Jods, there is no medical cure to PTSD. Exactly what has already been stated above, with some very good points raised.
Think of cancer, where you can go into remission, though after 6 years or something, if no more cancer returns, they call you cured, however; two years later again, more cancer could arise.
The problem with PTSD though opposed to physical conditions, is this is a mental condition, and a mental condition not caused by simply our brain rewiring itself because it wants to, but our brain rewiring itself because it has been exposed to a significant traumatic event. Not just a traumatic event, ie. death in the family, etc, but a traumatic event to the point where your life has been threatened, at deaths door possibly, or your integrity has been threatened from prolonged abuse over many years, ie. constant bashing, physical and mental abuse, etc...
Memories never go away, they never physically disappear like cancer can, they are always with you. Coming to terms with those memories and no longer fearing them, is a positive step forward and you can learn to reassociate yourself within society with little recourse from PTSD itself, however; one simple thing occurs, and bam, suddenly a memory is triggered, what you fear comes flooding back, and at this point you decide what happens, ie. you cope with the memory for what it is, a bad memory of your past, or you take that memory and become depressed, then anxious, then panic, then dream about it, then dwell upon it more, then start drinking or doing drugs to try and suppress the memory, then your on a downward spiral once again into the realms of PTSD. If you take that memory for what it is at the time is recalls, you work through it, you use all your self techniques you have learnt or adapted to suit yourself, and then suddenly the memory dissapates again along with all the sudden symptom outburst, and within a day you back to your normal life, except now you just found another trigger in which you may have to work upon to cope with next time it occurs, or you go and intentionally begin exposing yourself to such a trigger again to build a wall in response to it, where it no longer becomes a trigger, instead just an annoyance within your day, or reflection of the past, nothing more.
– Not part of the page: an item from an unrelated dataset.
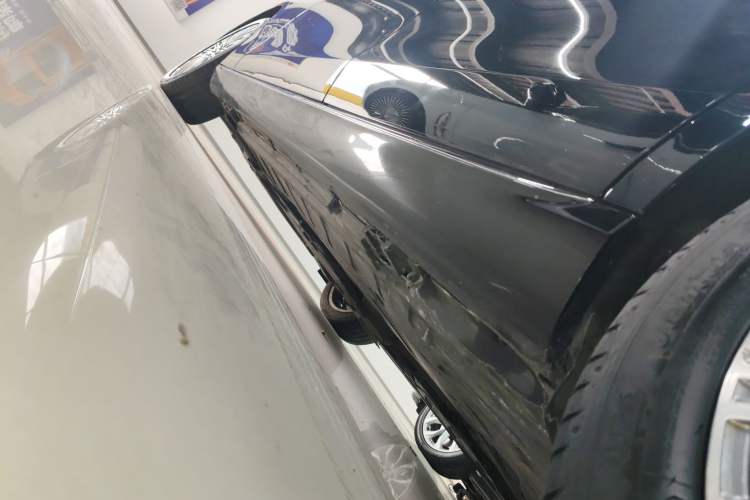 Used Mercedes-Benz E-Class 2020 Facelift E 300 L Stylish Edition Left Side Sill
If a significant event occured within your life though, ie. someone you cared about died suddenly, accident, child, etc, then that could spiral you out of control once again into the deepest and darkest we are / have lived with PTSD. You could remain there for another year or more if you regain guilt from the recent event, blame, etc etc... you then manifest a recent trauma into a significant traumatic memory for you, thus you have to then work that traumatic event through to gain the same resolution once again.
Even when better, your mind will still try and overpower you every now and again, it will reraise symptoms, it will raise memories, PTSD does and will constantly make attempts to gain control over you, but with logical thought, support, discussion and technique implementation, you can keep it under control for the most part.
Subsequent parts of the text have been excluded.